The ending, which features a little boy slave with a broom, staring out to the horizon dreaming of joining the Resistance, was interpreted many ways by fans from those who complained it was cliche and dumb to those who felt it was classic Disney and deeply disturbing in today's world: Resistance/rebellion is futile, but the kids are alright.
Personally I read it as a callback to the Yoda cameo: This is the future of the Resistance and the Jedi, always staring out at the horizon, like Luke did, until the end. Others saw it as comfort. The Resistance message was penetrating, those who heard it were just too young to come to the aide of the leaders in their hour of need.
But one theory goes a step beyond all of that. With Rian Johnson signed on to create a completely new trilogy from scratch after Episode IX, what if this boy and his compatriots are going to grow up to star in Johnson's next set of films?
Johnson won't talk about that trilogy yet, but he does feel that the ending has a deeper meaning than most are assigning to it. Speaking to Entertainment Weekly, he said the following about the ending:
It’s mostly about Luke. To me, it shows that the act Luke Skywalker did, of deciding to take on this mantle of ‘the legend,’ after he had decided the galaxy was better off with, had farther reaching consequences than saving 20 people in a cave.
It sure felt like it was a callback to Luke, with the staring at the horizon.
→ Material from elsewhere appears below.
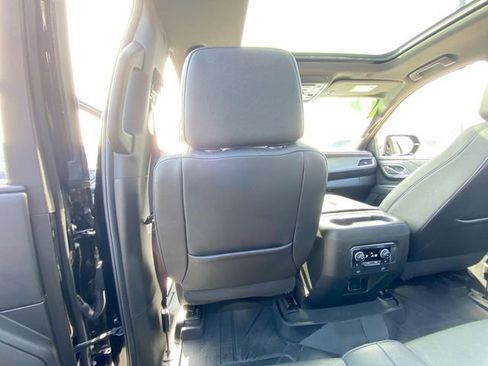 Used 2023 Chevrolet Suburban LT w/ LT Signature Plus Package image 36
Though there might not have been twin setting suns as Luke always seemed to be gazing at, the little boy was definitely a dreamer, just like Luke always was.
But the little boy also was a call back to Rey, and her "nobody" status. As we learned in this film, Rey's parents were no one and nothing, traders on Jakku who had fallen so low and into the grips of their addictions so badly, they sold their daughter for a fix. This little boy is also a nobody, a trainer of the animals that the rich bet on, completely unaware of his existence. He's sleeping in the hay of a stable, while the rich, only a few hundred feet away spend money a night on hotel rooms, using their war profiteering gains.
One day he'll step up and change the world. And they'll never have noticed him, until it's too late.
But could he also be the subject of the next set of films? One of the most important moves Johnson made with The Last Jedi was making Rey not a Skywalker of any kind. (Though already some fans are hoping it's a fake out, and Abrams will make her a Skywalker/Solo after all.)
But that choice speaks to Johnson being less interested in the Force as something that's a multi-generation family saga, and more of a "balancing of the Universe" that plucks people at random to wield the two sides of the power. Even if this little boy in particular isn't the star of the next trilogy, it's almost guaranteed that wherever Johnson goes with the story, it will star someone like this child, who will be taken from obscurity and raised up next by the Force to stand and fight the powers of evil for another generation.